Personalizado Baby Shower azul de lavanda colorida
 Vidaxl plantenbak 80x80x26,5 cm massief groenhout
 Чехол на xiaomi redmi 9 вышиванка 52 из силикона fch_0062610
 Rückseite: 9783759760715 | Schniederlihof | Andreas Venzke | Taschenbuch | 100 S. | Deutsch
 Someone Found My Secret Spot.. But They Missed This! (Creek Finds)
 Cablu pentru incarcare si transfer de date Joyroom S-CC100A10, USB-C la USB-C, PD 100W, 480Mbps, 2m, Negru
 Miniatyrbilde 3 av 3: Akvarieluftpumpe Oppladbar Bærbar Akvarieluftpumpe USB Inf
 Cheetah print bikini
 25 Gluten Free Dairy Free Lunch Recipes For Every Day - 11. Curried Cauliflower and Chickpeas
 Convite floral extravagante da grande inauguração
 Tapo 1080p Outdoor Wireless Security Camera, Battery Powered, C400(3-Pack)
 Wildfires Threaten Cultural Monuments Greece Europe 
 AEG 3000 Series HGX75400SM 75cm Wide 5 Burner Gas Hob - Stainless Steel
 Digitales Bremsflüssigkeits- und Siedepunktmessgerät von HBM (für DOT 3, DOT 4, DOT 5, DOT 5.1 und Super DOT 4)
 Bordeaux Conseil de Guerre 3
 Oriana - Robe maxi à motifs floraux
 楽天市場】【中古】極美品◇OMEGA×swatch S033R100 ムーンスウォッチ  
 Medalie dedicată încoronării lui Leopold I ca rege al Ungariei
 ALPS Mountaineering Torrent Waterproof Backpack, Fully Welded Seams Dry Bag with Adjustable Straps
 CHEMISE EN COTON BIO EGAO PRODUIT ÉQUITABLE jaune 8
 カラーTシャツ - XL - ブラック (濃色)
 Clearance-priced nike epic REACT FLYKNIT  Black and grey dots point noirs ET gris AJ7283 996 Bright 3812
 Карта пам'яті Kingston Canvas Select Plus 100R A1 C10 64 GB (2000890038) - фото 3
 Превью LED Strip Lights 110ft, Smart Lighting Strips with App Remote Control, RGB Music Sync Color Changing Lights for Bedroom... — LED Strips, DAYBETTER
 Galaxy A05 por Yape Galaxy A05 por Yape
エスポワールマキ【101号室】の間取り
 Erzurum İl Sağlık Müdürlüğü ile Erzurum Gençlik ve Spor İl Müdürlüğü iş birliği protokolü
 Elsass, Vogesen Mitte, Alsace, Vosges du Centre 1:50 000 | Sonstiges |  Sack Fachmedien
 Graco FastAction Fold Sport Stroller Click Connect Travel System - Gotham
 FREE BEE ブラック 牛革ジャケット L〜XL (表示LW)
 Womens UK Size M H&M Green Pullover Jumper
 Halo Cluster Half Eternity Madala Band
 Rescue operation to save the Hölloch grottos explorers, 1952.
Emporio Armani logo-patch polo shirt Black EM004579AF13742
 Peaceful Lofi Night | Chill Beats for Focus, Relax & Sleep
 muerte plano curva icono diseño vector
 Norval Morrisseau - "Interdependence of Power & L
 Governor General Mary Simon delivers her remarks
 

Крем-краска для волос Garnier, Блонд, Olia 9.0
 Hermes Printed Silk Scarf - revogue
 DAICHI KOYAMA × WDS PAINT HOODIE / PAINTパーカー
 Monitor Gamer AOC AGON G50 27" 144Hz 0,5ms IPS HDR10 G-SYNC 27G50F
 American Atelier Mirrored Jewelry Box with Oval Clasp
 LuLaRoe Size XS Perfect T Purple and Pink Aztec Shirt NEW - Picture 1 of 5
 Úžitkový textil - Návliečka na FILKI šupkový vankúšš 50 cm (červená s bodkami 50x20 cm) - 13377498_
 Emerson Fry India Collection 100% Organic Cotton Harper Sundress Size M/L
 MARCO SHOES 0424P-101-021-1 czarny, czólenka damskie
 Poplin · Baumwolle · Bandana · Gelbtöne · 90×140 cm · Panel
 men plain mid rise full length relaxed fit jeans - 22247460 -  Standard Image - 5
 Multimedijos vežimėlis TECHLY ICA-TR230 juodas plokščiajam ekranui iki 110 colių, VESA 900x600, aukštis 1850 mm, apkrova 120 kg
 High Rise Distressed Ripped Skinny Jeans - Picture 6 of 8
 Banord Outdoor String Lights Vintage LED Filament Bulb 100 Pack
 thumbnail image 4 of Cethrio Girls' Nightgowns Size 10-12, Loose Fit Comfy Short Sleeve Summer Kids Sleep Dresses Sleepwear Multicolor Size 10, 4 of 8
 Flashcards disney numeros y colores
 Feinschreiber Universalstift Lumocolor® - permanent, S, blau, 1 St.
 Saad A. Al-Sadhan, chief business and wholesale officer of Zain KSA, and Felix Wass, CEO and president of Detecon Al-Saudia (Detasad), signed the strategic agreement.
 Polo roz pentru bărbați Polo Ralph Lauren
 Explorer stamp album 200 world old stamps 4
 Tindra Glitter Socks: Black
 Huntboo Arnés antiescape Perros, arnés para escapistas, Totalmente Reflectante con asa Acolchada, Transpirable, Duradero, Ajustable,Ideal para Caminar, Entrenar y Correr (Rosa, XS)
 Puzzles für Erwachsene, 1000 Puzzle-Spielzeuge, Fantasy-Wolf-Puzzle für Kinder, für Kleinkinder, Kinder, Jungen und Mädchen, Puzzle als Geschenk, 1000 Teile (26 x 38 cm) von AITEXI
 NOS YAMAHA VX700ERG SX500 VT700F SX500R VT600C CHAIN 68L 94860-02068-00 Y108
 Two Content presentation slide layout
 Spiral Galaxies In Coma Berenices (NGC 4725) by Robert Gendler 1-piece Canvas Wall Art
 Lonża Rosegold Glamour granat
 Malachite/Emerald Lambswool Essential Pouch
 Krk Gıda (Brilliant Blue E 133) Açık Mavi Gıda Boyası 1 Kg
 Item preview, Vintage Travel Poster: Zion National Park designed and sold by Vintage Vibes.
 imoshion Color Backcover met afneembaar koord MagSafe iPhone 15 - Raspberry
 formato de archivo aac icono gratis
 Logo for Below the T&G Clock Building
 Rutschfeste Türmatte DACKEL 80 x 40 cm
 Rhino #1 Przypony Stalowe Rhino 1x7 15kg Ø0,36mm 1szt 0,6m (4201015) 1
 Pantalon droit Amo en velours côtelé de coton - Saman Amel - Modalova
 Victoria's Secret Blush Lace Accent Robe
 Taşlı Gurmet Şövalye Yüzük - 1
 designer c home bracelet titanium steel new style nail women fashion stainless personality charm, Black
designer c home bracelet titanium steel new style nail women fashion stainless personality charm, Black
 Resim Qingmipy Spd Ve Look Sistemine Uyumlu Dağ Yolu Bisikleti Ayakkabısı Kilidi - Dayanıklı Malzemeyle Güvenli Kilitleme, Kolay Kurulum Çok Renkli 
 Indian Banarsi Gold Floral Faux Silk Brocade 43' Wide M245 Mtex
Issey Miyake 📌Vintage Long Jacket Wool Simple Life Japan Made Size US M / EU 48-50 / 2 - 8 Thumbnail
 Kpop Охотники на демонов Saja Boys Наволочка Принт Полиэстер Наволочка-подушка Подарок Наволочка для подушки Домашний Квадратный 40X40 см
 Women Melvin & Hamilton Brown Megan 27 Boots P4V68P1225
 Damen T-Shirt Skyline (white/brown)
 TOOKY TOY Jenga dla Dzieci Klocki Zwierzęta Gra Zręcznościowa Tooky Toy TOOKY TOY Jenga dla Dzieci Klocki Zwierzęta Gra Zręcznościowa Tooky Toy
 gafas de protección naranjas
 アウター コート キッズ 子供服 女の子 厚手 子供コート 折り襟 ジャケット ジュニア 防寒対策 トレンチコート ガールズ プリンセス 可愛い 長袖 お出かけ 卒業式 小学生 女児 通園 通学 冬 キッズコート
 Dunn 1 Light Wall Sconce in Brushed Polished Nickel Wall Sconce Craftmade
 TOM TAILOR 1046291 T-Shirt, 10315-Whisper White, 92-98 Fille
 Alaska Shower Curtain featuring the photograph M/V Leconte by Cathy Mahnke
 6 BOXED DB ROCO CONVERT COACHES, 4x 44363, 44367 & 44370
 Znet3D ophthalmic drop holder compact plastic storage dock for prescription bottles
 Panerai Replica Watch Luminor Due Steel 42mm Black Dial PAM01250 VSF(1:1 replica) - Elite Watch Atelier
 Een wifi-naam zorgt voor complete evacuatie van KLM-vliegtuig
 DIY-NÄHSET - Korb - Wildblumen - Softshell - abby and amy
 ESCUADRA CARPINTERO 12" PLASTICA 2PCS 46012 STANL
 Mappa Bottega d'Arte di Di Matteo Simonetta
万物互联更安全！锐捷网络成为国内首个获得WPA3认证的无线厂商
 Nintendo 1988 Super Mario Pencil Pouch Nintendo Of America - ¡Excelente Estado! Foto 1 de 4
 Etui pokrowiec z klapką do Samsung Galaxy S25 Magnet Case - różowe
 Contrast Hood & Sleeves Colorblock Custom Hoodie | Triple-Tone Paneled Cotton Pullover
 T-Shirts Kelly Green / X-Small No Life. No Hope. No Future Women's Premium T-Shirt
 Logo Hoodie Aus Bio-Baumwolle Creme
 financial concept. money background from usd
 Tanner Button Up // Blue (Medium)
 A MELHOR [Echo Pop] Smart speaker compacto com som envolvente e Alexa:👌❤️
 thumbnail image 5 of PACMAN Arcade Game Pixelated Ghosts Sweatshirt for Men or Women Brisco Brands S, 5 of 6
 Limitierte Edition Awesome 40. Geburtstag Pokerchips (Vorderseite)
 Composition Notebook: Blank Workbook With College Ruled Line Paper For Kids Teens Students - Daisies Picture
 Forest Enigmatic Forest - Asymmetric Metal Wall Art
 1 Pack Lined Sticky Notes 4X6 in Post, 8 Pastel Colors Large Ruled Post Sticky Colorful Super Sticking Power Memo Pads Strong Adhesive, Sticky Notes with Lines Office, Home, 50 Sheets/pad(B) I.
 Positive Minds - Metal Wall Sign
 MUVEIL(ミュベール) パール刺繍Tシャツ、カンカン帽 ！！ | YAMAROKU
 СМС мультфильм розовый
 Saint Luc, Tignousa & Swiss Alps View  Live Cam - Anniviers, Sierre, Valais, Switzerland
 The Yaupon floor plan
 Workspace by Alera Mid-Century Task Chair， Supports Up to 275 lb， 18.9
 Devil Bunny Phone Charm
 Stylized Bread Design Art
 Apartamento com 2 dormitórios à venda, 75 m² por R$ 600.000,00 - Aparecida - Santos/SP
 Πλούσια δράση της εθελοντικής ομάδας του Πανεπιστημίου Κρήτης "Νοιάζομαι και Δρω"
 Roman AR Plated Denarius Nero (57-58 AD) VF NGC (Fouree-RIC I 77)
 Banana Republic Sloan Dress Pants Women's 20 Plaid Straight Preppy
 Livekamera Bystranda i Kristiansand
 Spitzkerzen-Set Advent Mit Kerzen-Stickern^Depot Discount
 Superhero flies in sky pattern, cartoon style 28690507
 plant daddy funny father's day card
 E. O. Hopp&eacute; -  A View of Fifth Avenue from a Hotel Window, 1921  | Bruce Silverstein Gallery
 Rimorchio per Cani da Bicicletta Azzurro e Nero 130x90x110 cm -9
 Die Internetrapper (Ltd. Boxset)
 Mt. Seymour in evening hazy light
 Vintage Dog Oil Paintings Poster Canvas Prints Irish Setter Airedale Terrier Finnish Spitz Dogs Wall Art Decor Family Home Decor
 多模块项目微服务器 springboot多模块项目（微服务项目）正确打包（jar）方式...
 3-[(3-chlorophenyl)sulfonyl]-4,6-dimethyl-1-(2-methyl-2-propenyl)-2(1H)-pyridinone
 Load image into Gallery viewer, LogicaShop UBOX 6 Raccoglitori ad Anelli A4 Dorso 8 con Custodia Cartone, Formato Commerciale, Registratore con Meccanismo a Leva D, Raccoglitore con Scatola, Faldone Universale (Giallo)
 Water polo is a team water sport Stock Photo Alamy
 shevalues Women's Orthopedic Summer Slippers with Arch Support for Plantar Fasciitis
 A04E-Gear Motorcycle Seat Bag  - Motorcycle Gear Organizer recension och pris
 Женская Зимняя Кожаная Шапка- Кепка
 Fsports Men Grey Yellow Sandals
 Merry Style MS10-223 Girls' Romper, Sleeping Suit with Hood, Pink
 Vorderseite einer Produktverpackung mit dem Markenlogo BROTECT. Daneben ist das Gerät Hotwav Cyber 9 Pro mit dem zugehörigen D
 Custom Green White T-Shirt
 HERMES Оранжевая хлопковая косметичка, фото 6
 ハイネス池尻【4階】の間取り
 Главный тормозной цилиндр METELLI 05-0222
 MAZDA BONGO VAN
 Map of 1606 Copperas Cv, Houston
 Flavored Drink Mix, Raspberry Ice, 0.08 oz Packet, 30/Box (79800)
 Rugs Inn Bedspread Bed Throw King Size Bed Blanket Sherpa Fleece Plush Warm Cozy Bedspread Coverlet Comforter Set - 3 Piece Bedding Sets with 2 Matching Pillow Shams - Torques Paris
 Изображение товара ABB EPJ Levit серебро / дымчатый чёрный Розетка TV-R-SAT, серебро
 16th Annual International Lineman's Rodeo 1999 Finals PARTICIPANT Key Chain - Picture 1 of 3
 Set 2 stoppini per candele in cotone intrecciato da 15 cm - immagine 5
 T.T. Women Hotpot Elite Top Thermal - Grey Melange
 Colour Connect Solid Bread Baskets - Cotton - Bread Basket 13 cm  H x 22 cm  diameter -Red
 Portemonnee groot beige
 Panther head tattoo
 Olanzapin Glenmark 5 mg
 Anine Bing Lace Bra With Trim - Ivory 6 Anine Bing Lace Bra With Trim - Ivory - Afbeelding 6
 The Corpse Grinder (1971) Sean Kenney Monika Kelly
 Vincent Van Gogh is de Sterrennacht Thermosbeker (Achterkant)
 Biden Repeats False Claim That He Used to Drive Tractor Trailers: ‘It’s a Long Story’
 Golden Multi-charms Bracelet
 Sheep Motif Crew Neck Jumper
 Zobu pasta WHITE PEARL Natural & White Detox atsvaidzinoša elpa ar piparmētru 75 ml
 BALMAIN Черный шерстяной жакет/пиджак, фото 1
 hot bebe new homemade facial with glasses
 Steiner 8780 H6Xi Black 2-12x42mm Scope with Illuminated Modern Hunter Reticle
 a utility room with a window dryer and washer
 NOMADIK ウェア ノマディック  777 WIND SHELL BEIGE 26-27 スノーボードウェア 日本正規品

(What you have to do):
What lines in the data include the string "Shower"? Copy each one.

(Written response):
Personalizado Baby Shower azul de lavanda colorida
 Alaska Shower Curtain featuring the photograph M/V Leconte by Cathy Mahnke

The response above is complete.